Write out nothing except the lines of the entries below, from the first through the one containing "Набір ніжного очищення", exactly and without pictures.
**********
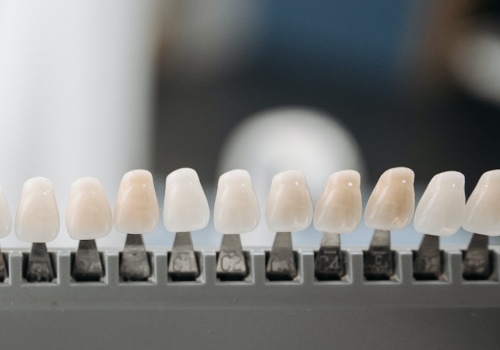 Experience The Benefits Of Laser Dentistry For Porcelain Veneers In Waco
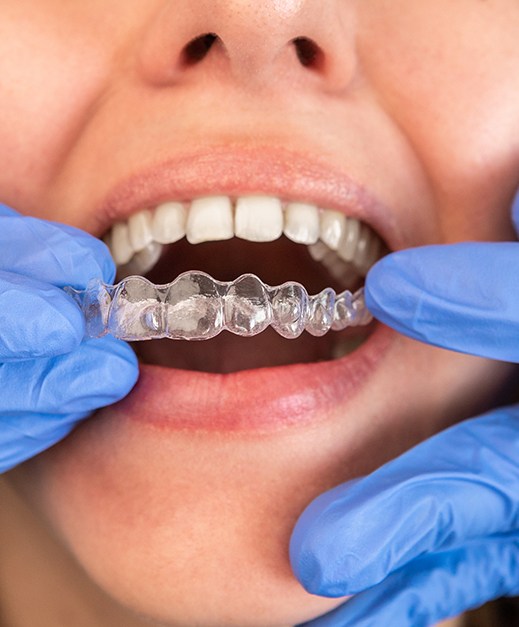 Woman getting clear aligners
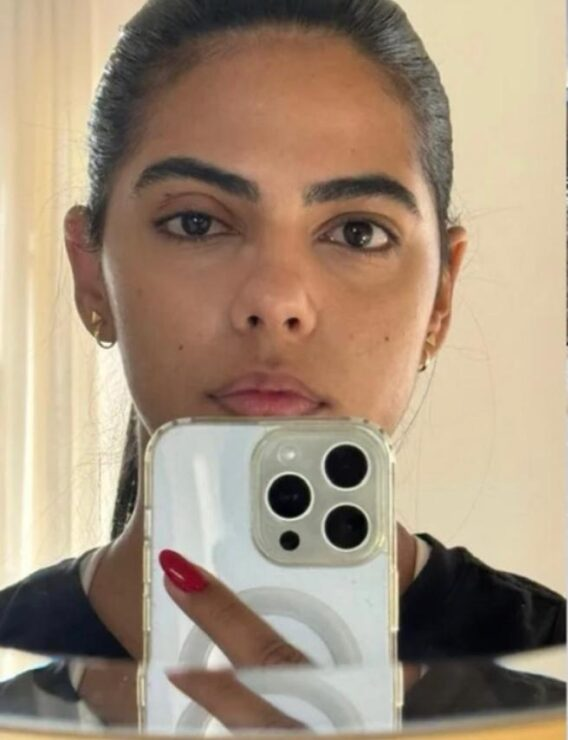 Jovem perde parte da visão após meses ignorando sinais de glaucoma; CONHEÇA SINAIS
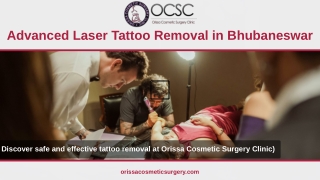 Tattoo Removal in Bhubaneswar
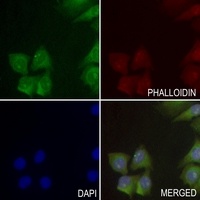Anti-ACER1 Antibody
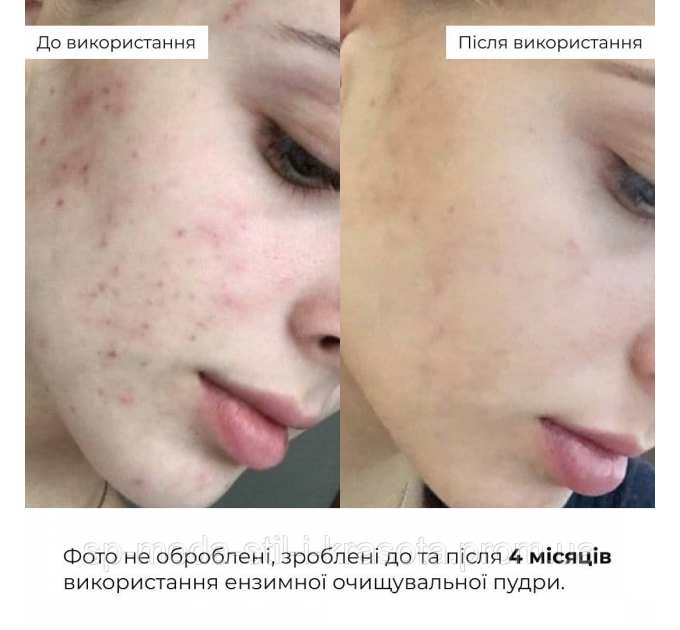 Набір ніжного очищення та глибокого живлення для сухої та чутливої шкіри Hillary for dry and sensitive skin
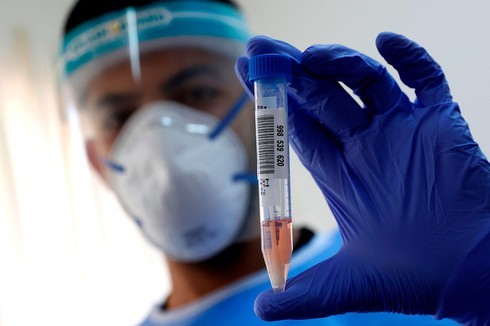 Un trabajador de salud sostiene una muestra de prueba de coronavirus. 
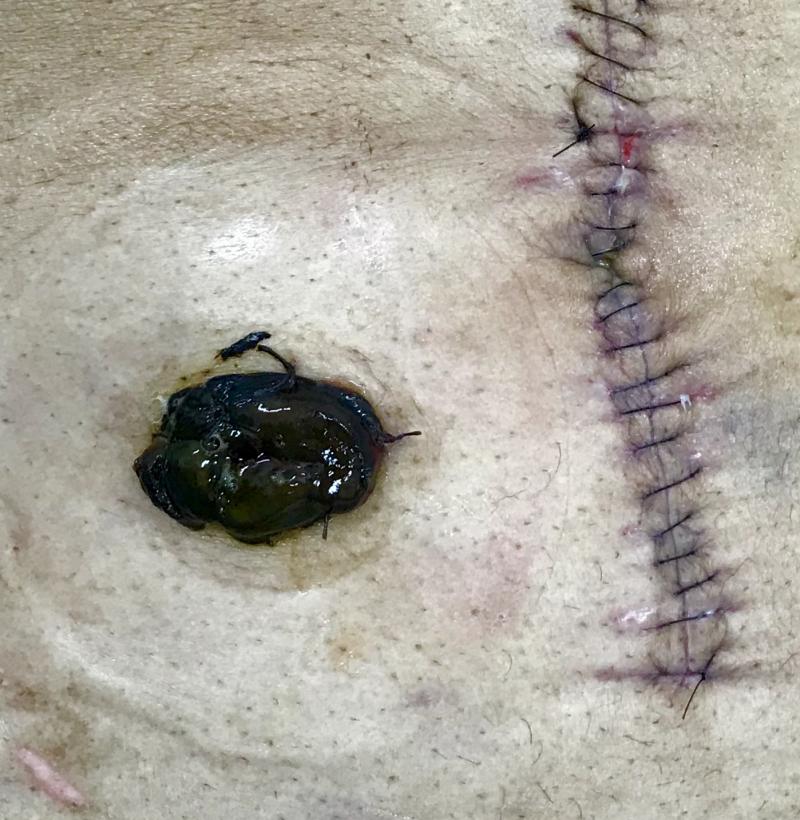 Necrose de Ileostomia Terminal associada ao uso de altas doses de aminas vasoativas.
**********
Exercise answer:
 Experience The Benefits Of Laser Dentistry For Porcelain Veneers In Waco
 Woman getting clear aligners
 Jovem perde parte da visão após meses ignorando sinais de glaucoma; CONHEÇA SINAIS
 Tattoo Removal in Bhubaneswar
Anti-ACER1 Antibody
 Набір ніжного очищення та глибокого живлення для сухої та чутливої шкіри Hillary for dry and sensitive skin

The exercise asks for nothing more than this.